[Biopython-dev] GSoC code+documentation review: PhyloXML for Biopython
Eric Talevich
eric.talevich at gmail.com
Sat Jul 4 17:24:12 UTC 2009
On Sat, Jul 4, 2009 at 12:39 PM, Peter <biopython at maubp.freeserve.co.uk>wrote:
> On Sat, Jul 4, 2009 at 5:28 PM, Eric Talevich<eric.talevich at gmail.com>
> wrote:
> > On Sat, Jul 4, 2009 at 10:14 AM, Peter <biopython at maubp.freeserve.co.uk
> >wrote:
> >
> >>
> >> The __repr__ thing isn't Biopython specific, its just what Python does.
> For
> >> simple objects, eval(repr(obj)) should recreate the object. Consider:
> >>
> >> >>> print phx.other
> >> [Other(tag=alignment, namespace=http://example.org/align)]
> >>
> >> That is odd to me.
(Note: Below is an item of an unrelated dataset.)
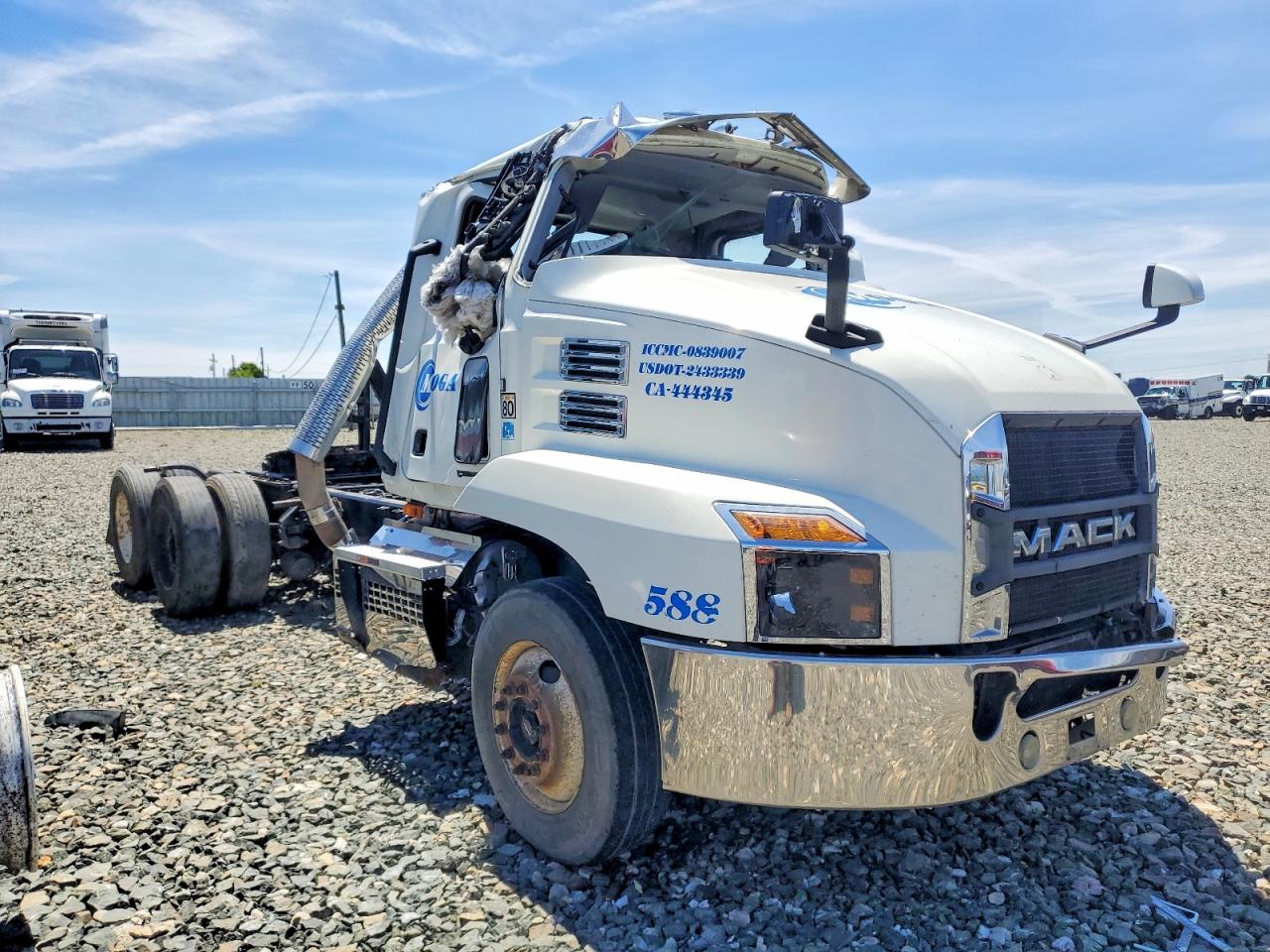 Salvage Mack Anthem Image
It looks like "other" is a list, containing an
> "Other"
> >> object, but with a funny __repr__ - I would have expected it to look
> more
> >> like this:
> >>
> >> >>> print phx.other
> >> [Other(tag="alignment", namespace="http://example.org/align")]
> >>
> >> i.e. using the repr of what I have assumed are string arguments.
> >>
> >> Peter
> >>
> >
> > Hi Peter,
> >
> > Thanks! Your interpretation of the example is correct. I'll change
> __repr__
> > to check if the attribute is a string and, if so, escape and quote it.
>
Correction: since it's filtering for primitive types already, I'll just call
repr() on each attribute.
I changed the wiki page examples to show this, and I'll fix the code on
Monday.
>
> If you can do it without risking a really long string, this is a good
> idea. You'll notice the Seq object repr actually uses a truncated
> sequence for long sequences - you won't want to accidentally
> get the whole thing printed at the python prompt! Likewise
> doing repr() on a SeqRecord doesn't give you the full object.
>
> Peter
>
OK, I'll add another check for long strings and truncate them like Seq does.
This isn't in the wiki examples yet, though.